Rare Cartier champagne from France was served from its crystal bottles.

Huffington readers know that I am an architecture buff, so I relish just being here. Brilliant architect Cesar Pelli worked at Gruen early on and formed an association with Henry which would prove to be enormously productive and astonishing...the stainless-steel Plaza Tower is his, along with the SCP mall renovation and the new Henry and Renee Segerstrom Concert Hall, a 2000-seat, $200 million state-of-the-art showpiece, adjoining to the Segerstrom Hall seating some 3,000, and the South Coast Repertory Theatre. It was the latter which kicked off this amazing 14-acre development, a worthy companion to New York's Lincoln Center and Washington's Kennedy Center.

The story of how the family sat around a kitchen table with community leaders at the family homestead on Fairview Road in the early 70's and agreed to provide the initial land grant and $6 million funding for the South Coast Repertory theatre is legendary. Former Gov. Arnold Schwartzenneger referred to it this night, while giving Henry a duplicate of his Governor's ring. This amazing cultural center will be augmented one day soon with the opening of the Orange County Art Museum (moving from Newport) on additional land donated by the family.

Jackie Bisset on the other side of a camera!!
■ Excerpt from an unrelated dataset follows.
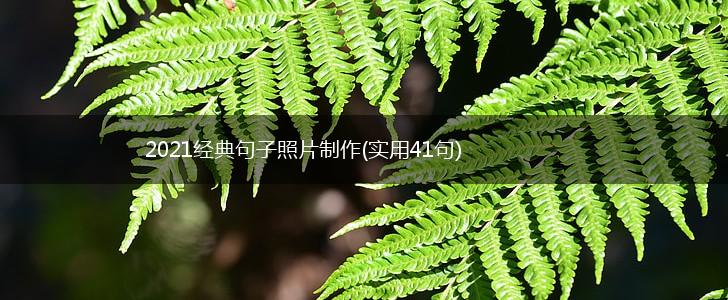 2021经典句子照片制作(实用41句),第1张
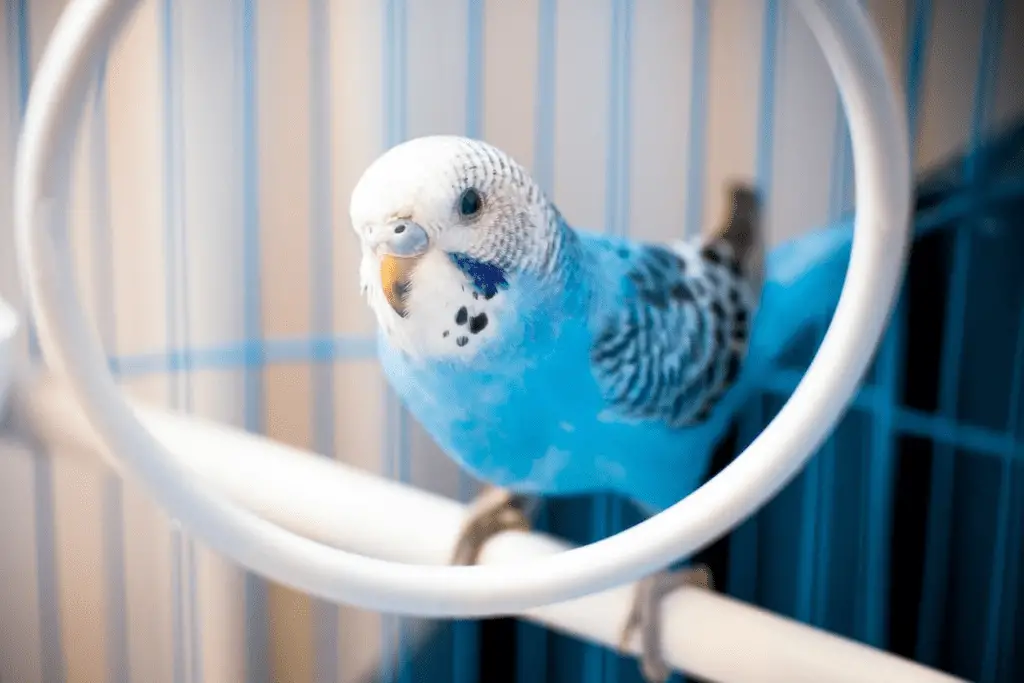 Blue Budgerigar Mutation is explained at PetRestart.com.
Henry and wife Elizabeth have worked mightily to make this center a home for all of the performing arts, especially dance and specifically ballet. Tonight, Jackie Bisset and I had the pleasure of meeting two leading dancers of the Bolshoi Ballet who are performing here this week, Natalie Osipova and Ivan Vasiliev. And Elizabeth Segerstrom told us that they have commissioned a new ballet for the Bolshoi which will debut here in October 2012 starring these two dancers. With the upcoming 25th anniversary of the center, I was touched by the family's gesture of offering 10,000 "Access to All" tickets at $10 apiece for everyone to attend the various upcoming events, thIs on top of the 14 acres and some $150 million already given since that kitchen table discussion in 1974. (And don't forget the 66-foot Richard Serra sculpture, "Connector," on the plaza, which Henry commissioned.) The evening ended with a $100,000 fireworks display, but my fireworks were internal, spending an evening with the lovely Miss Bisset.